- The original members of the Justice League, from left to right: Green Lantern, the Flash, Superman, Batman, Wonder Woman, Aquaman and the Martian Manhunter. Art by Alex Ross.

Publication information
- Publisher: DC Comics
- First appearance: The Brave and the Bold #28 (March 1960)
- Created by: Gardner Fox

In-story information
- Base(s): The Hall Watchtower Satellite Secret Sanctuary Detroit Bunker The Refuge JLI Embassies

Roster

= Justice League =

DC Comics superhero team

The Justice League, or Justice League of America (JLA), are a group of superheroes appearing in American comic books published by DC Comics. The team first appeared in The Brave and the Bold #28 (March 1960). Writer Gardner Fox conceived the team as a revival of the Justice Society of America, a similar team from DC Comics from the 1940s which had been pulled out of print due to a decline in sales. The Justice League is an all-star ensemble cast of established superhero characters from DC Comics' portfolio. Diegetically, these superheroes usually operate independently but occasionally assemble as a team to tackle especially formidable villains. This is in contrast to certain other superhero teams such as the Doom Patrol or Marvel’s X-Men whose characters were created specifically to be part of the team, with the team being central to their identity. The cast of the Justice League usually features a few highly popular characters who have their own solo books, such as Superman, Batman, and Wonder Woman, alongside several lesser-known characters who benefit from exposure.

The Justice League was created to boost the profiles and sales of these characters through cross-promotion and helped develop the DC Universe as a shared universe, as it is through teams like the Justice League that the setting's characters regularly interact with each other.

Beyond comic books, the Justice League has been adapted to television shows, films, and video games.

==Publication history==

Since 1960, the Justice League has appeared in comic books published by DC Comics (periodicals and graphic novels). These comic books constitute the bulk of Justice League fiction.

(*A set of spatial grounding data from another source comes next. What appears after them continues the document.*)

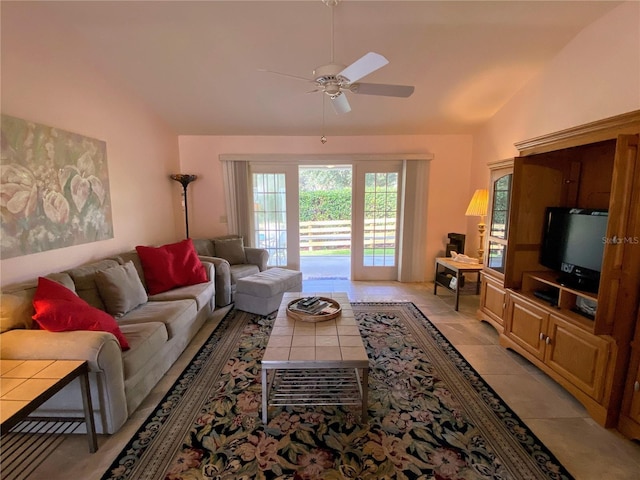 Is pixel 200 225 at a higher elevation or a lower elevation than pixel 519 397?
higher

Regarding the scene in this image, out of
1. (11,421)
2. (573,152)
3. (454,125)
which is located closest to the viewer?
(11,421)

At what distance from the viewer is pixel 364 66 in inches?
75.1

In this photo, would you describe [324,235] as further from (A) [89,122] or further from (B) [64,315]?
(B) [64,315]

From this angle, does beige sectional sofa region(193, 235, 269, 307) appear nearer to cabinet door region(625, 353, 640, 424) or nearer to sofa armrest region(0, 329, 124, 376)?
sofa armrest region(0, 329, 124, 376)

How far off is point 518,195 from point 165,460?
3.27 meters

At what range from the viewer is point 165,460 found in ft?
5.47

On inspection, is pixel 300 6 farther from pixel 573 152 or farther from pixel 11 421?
pixel 11 421

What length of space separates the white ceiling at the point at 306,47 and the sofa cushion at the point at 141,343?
2511 mm

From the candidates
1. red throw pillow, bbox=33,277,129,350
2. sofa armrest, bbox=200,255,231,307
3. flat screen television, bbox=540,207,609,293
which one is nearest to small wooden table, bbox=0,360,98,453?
red throw pillow, bbox=33,277,129,350

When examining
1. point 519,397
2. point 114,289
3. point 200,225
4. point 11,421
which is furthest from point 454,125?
point 11,421

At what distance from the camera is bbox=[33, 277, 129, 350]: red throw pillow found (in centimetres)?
186

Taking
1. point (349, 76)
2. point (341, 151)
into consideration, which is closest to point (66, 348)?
point (349, 76)

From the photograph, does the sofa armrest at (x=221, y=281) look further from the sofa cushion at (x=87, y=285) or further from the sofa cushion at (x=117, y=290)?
the sofa cushion at (x=87, y=285)

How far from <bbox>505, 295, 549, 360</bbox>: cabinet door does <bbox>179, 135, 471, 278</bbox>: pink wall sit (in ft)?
8.01
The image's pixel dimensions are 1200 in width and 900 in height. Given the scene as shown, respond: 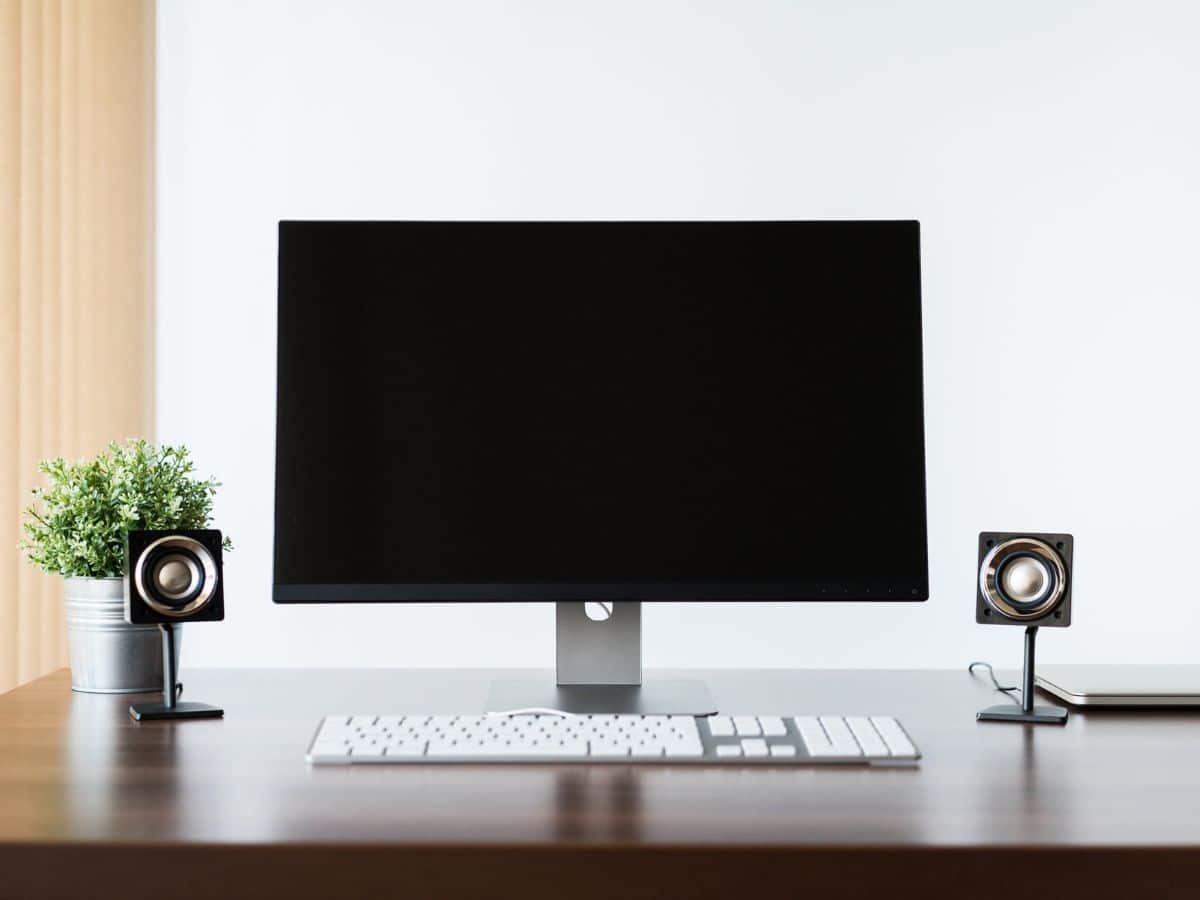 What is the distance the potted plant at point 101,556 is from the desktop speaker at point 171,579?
0.29ft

===Silver Age and Bronze Age (1960–1985)===

The Brave and the Bold #28 (March 1960), their first appearance. Superman and Batman do not appear on the cover, but do appear in the story within.

In its inception, the Justice League was a revival of the Justice Society of America, created by editor Sheldon Mayer and writer Gardner Fox in 1940. After World War II, superheroes fell out of popularity, which led to the cancellation of many characters, including the Justice Society, which last appeared in All-Star Comics #57 (March 1951). A few years later, sales rose again, and DC Comics revived some of these retired characters, reinventing a few of them in the process. Editor Julius Schwartz asked writer Gardner Fox to reintroduce the Justice Society of America. Schwartz decided to rename it the "Justice League of America" because he felt "League" would appeal better to young readers, evoking sports organizations such as the National League. The Justice League of America debuted in The Brave and the Bold #28 (March 1960), and after two further appearances in that title, got its own series, which quickly became one of the company's best-selling titles. This led DC Comics to create other superhero teams, such as the Teen Titans. Marvel Comics, a rival comic book publisher, noticed the Justice League's success and created the Avengers and the Fantastic Four.

The initial Justice League lineup included seven of DC Comics' superheroes who were regularly published at that time: Superman, Batman, Aquaman, the Flash, Green Lantern, the Martian Manhunter, and Wonder Woman. Fox also created a new, non-superhero character called Snapper Carr that was intended to represent DC's teenage readership and joined the League as an Honorary member in their debut story. While Superman and Batman were included in the Justice League's initial lineup, they were largely absent from the League's early stories, playing only minor roles as the pair were already starring together in DC's World's Finest Comics and Fox was worried the two more famous heroes would detract attention from their less popular teammates. As the series went on however, Superman and Batman became more and more present as readers increasingly demanded to see more of them in the League's stories. The team roster would quickly expand with the Green Arrow, the Atom and Hawkman being added to the team over the next four years.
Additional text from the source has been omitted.